▶ **What you need to do**
All of the data below should be set down again verbatim, without any images.

▶ **Dataset content**
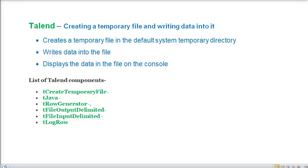Welcome to Talend Open Studio. In this video we are going to create a temporary file and write some data into this file. The steps we are going to follow: first we will create a temporary file in the default system temporary directory, then write some data into this file, and then display the data on the console.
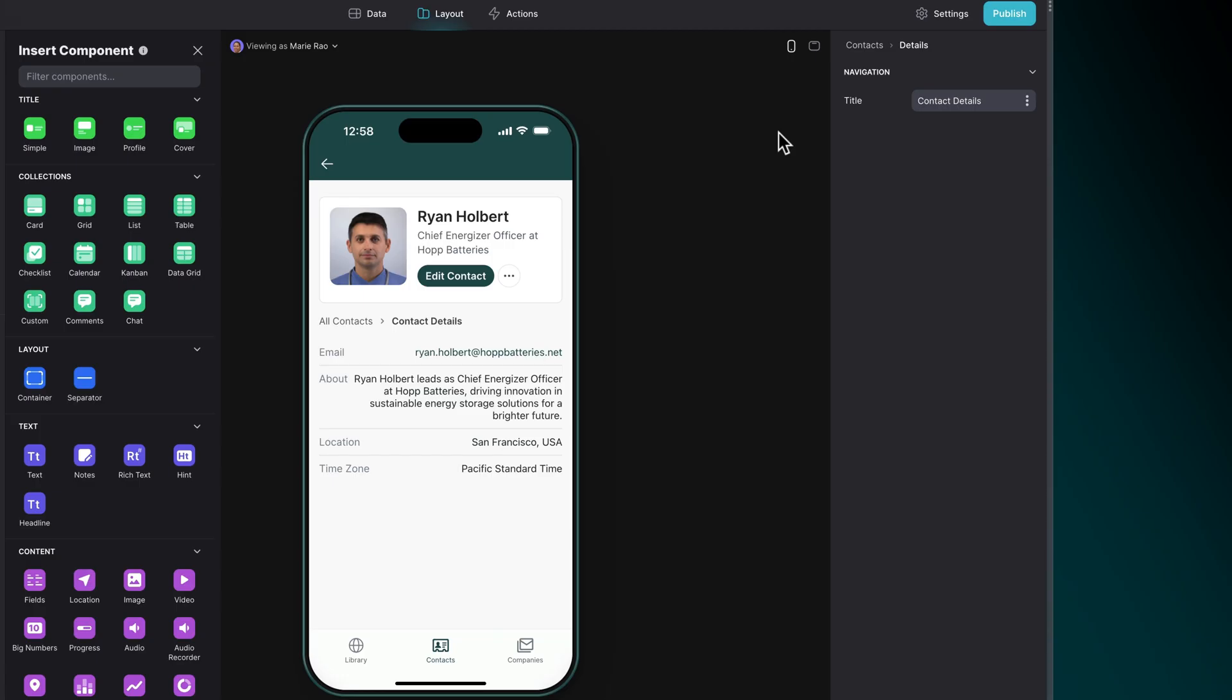With the Clearbit integration in Glide, you can easily enrich your data in your app. To start using the integration, you first need to add it to your project.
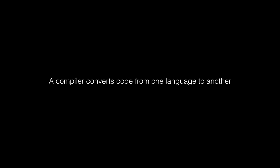So what does a compiler do? A compiler converts or translates code from one language to another. Generally, a compiler converts code from a higher level language to one that is lower level.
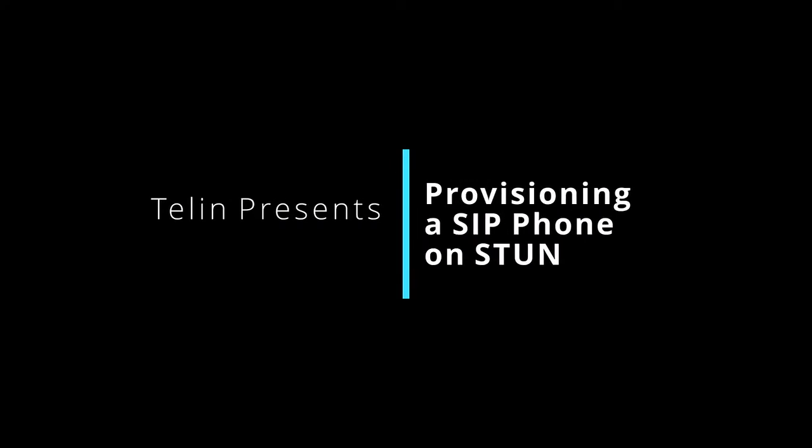Hello and welcome to our short guide on provisioning a SIP phone on STUN with 3CX. For this guide we'll be using a SNOM D785, though the process is nearly identical on other SIP phones.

▶ **Exercise response**
Welcome to Talend Open Studio. In this video we are going to create a temporary file and write some data into this file. The steps we are going to follow: first we will create a temporary file in the default system temporary directory, then write some data into this file, and then display the data on the console.
With the Clearbit integration in Glide, you can easily enrich your data in your app. To start using the integration, you first need to add it to your project.
So what does a compiler do? A compiler converts or translates code from one language to another. Generally, a compiler converts code from a higher level language to one that is lower level.
Hello and welcome to our short guide on provisioning a SIP phone on STUN with 3CX. For this guide we'll be using a SNOM D785, though the process is nearly identical on other SIP phones.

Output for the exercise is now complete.